In the past even when unions were viewed more favorably, there were concerns about corruption, but those kind of complaints were different: Those charges were levied at the top of the union hierarchies, whereas today the productivity of the union members come under fire.

Unions were looked at as places where workers had someone to look out for them. Nowadays, the narrative has changed and there seems to be a much larger number of Americans who view unionized workers as the problem.

They are considered pampered, lazy, and unanswerable for disciplining from poor job performances. They will strike at the drop of a hat. They should just be happy to have a job in our lousy economy.

And it’s not just the more famous union-busting techniques employed by the Scott Walkers of the world - go to any online story that discusses how a place has voted in a union and comments will complain about how bad the employees will be under the union.

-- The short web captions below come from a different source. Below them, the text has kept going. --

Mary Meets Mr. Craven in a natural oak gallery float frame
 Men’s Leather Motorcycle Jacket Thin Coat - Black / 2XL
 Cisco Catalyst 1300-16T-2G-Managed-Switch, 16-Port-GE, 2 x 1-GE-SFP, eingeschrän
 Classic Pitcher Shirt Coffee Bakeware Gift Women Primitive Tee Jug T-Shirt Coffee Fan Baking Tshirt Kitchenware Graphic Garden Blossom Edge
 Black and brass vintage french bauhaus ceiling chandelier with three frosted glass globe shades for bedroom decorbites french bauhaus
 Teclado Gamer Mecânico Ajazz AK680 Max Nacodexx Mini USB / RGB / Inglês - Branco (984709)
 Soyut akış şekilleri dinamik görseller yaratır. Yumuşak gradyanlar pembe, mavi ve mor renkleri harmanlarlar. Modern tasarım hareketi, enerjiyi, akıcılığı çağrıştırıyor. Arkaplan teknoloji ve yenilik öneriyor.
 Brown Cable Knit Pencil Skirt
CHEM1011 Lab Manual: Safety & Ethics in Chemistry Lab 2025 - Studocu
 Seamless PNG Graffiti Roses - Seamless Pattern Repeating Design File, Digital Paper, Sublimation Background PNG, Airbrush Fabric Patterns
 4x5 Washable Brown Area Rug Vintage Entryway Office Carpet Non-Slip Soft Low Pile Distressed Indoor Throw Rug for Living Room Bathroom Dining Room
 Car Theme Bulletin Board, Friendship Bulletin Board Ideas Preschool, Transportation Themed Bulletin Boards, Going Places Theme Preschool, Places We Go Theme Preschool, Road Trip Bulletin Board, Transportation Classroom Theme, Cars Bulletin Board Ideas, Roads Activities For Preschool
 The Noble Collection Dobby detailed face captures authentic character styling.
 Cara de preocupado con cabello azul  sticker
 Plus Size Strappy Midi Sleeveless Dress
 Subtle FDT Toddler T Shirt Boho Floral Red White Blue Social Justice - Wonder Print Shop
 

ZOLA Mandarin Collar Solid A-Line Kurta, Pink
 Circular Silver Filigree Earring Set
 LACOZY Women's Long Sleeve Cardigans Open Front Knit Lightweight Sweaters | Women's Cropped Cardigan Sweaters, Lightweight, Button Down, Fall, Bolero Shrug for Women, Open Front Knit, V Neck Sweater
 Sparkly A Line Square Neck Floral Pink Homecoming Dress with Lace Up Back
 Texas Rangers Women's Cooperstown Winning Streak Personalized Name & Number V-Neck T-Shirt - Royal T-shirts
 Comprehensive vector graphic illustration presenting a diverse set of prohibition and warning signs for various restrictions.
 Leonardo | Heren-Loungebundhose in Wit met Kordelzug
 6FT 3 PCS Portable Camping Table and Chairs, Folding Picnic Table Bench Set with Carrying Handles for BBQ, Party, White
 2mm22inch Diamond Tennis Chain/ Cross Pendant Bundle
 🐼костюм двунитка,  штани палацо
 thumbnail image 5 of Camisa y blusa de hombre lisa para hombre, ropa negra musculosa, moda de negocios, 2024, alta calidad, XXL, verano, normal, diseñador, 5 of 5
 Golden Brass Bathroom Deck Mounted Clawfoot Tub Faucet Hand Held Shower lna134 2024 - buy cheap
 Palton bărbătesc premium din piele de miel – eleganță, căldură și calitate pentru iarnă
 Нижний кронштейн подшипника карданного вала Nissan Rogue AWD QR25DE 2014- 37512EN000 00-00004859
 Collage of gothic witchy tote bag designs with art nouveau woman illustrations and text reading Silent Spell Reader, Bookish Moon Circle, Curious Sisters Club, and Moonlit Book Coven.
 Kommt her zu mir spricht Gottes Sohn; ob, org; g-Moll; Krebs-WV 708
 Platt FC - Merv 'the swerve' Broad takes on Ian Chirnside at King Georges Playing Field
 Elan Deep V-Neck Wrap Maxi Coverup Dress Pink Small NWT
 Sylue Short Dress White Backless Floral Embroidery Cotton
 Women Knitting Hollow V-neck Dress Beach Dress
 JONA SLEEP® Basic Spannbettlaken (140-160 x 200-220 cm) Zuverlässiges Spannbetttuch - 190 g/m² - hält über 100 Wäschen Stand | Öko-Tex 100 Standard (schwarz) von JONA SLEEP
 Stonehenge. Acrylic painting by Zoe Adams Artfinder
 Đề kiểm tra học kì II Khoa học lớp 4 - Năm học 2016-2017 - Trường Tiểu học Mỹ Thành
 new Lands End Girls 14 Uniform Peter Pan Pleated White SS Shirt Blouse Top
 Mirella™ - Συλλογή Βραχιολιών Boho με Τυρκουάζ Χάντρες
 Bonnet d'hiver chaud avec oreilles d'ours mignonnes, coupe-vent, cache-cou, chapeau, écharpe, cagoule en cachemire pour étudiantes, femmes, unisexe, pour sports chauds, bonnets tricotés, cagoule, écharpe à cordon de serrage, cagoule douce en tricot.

Which isn’t to take away from the union busting that elected officials have been involved with: In the recent past, teachers were viewed as almost saints who had to go to school for much longer than the average american while making considerably less money than most. Bust a couple of teacher’s unions and suddenly teachers are overpaid and you are stick with tenured bad teachers. How did we reach the point where teachers are the problem in this country?

In the past, organized labor was a populist movement that inspired solidarity across gender and race. Folk songs canonized fictional and semi-fictional accounts of unions forming and union busting. Whereas today, you have giant corporations such as Wal-Mart notoriously squashing any attempts for employees to organize and there is hardly a whimper from the public.

When did the unionized employee become such a pariah in this country? Are unions really a place for lazy workers who don’t want to be accountable for performance rather than a place where workers have a fair voice? Can unions get back to being the good guys again? If so, how?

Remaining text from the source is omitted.